The following unaudited pro forma condensed combined financial information has been prepared in accordance with Article 11 of Regulation S-X (“Article 11”).
The Unaudited Pro Forma Condensed Combined Statements of Income for the nine months ended June
30, 2022 and the year ended September 30, 2021 give effect to the Acquisition as if it were completed on October 1, 2020, the first day of Raymond James’ fiscal year 2021. Raymond James and TriState Capital had different fiscal years within 93 days (September 30 and December 31, respectively). As a result, the Unaudited Pro Forma Condensed Combined Statement of Income for the year ended September 30, 2021 combines the historical audited Consolidated Statement of Income of Raymond James Financial, Inc. for the year ended September 30, 2021 and the historical audited Consolidated Statement of Income of TriState Capital Holdings, Inc. for the year ended December 31, 2021. TriState Capital’s historical unaudited statement
of income for the period ended June 30, 2022 represents the eight months preceding the Acquisition and was prepared by adding the unaudited results for the two months ended May 31, 2022 (which is the date immediately preceding the Acquisition), the quarterly Unaudited Condensed Consolidated Statement of Income for the three months ended March 31, 2022 and the quarterly Unaudited Condensed Consolidated Statement of Income for the three months ended December 31, 2021. As a result of the Acquisition, TriState Capital’s results for the month of June 2022 are included in the Unaudited Condensed Consolidated Statement of Income of RJF. The unaudited pro forma condensed combined financial information prepared in accordance with Article 11 is not required to, and does not, include
an unaudited pro forma condensed combined balance sheet because the Unaudited Condensed Consolidated Balance Sheet of RJF as of June 30, 2022, which was included in RJF’s Quarterly Report on Form 10-Q for the quarter ended June 30, 2022, filed on August 8, 2022, already reflects the Acquisition.

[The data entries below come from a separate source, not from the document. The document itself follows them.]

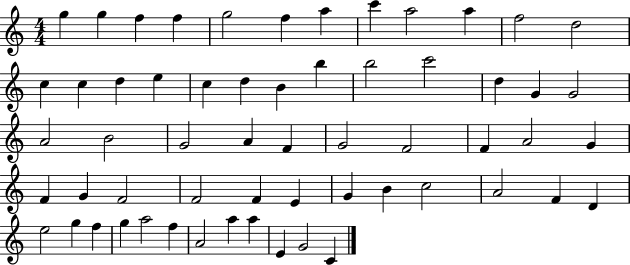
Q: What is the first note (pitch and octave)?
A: G5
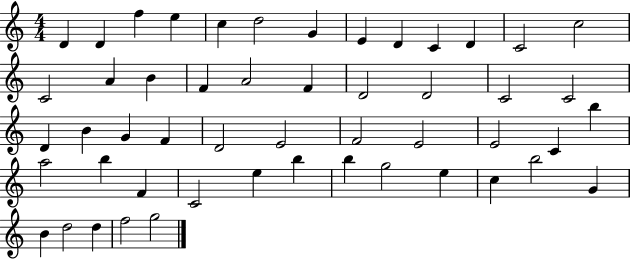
X:1
T:Untitled
M:4/4
L:1/4
K:C
D D f e c d2 G E D C D C2 c2 C2 A B F A2 F D2 D2 C2 C2 D B G F D2 E2 F2 E2 E2 C b a2 b F C2 e b b g2 e c b2 G B d2 d f2 g2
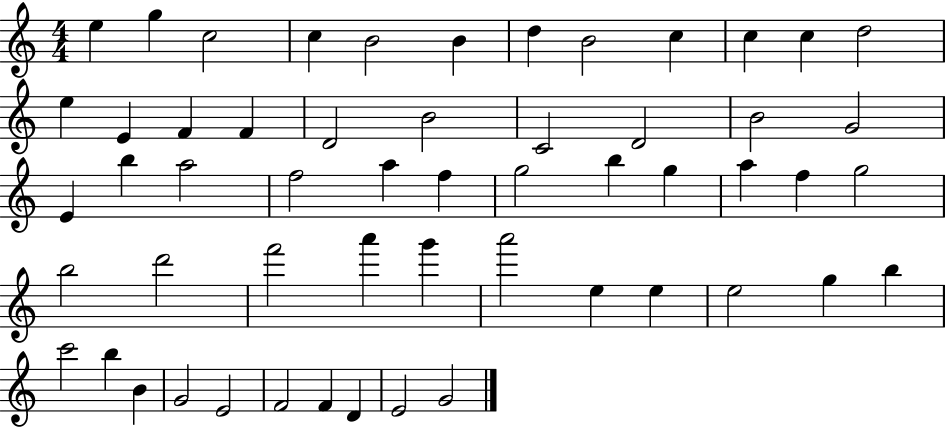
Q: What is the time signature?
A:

The unaudited pro forma condensed combined financial information has been prepared for informational purposes only and is subject to the assumptions and uncertainties set forth in the notes thereto. The Unaudited Pro Forma Condensed Combined Statements of Income do not reflect the costs of any integration activities or benefits that may result from future cost savings due to revenue synergies, procurement savings or operational efficiency that may result from
the Acquisition. The Unaudited Pro Forma Condensed Combined Statements of Income are not intended to represent or be indicative of the consolidated results of operations of the combined entity that would have been reported had the Acquisition been completed as of October 1, 2020, and should not be construed as representative of the future consolidated results of operations of the combined entity.
The unaudited pro forma condensed combined financial information should be read in conjunction with the following:
1.Unaudited Condensed Consolidated Financial Statements and accompanying Notes of Raymond James Financial, Inc., as filed in its Quarterly Report on Form 10-Q for the quarter ended June
30, 2022 with the United States Securities and Exchange Commission (“SEC”) on August 8, 2022;
2.Audited Consolidated Financial Statements and accompanying Notes of Raymond James Financial Inc., as filed in its Annual Report on Form 10-K for the year ended September 30, 2021 with the SEC on November 23, 2021;
3.Unaudited Condensed Consolidated Financial Statements and accompanying Notes of TriState Capital Holdings, Inc. as filed in its Quarterly Report on Form 10-Q for the quarter ended March 31, 2022 with the SEC on May
9, 2022 (which is included as Exhibit 99.2 to this Current Report on Form 8-K/A); and
4.Audited Consolidated Financial Statements and accompanying Notes of Tristate Capital Holdings, Inc. as filed in its Annual Report on Form 10-K for the year ended December 31, 2021 with the SEC on March 1, 2022 (which is included as Exhibit 99.1 to this Current Report on Form 8-K/A).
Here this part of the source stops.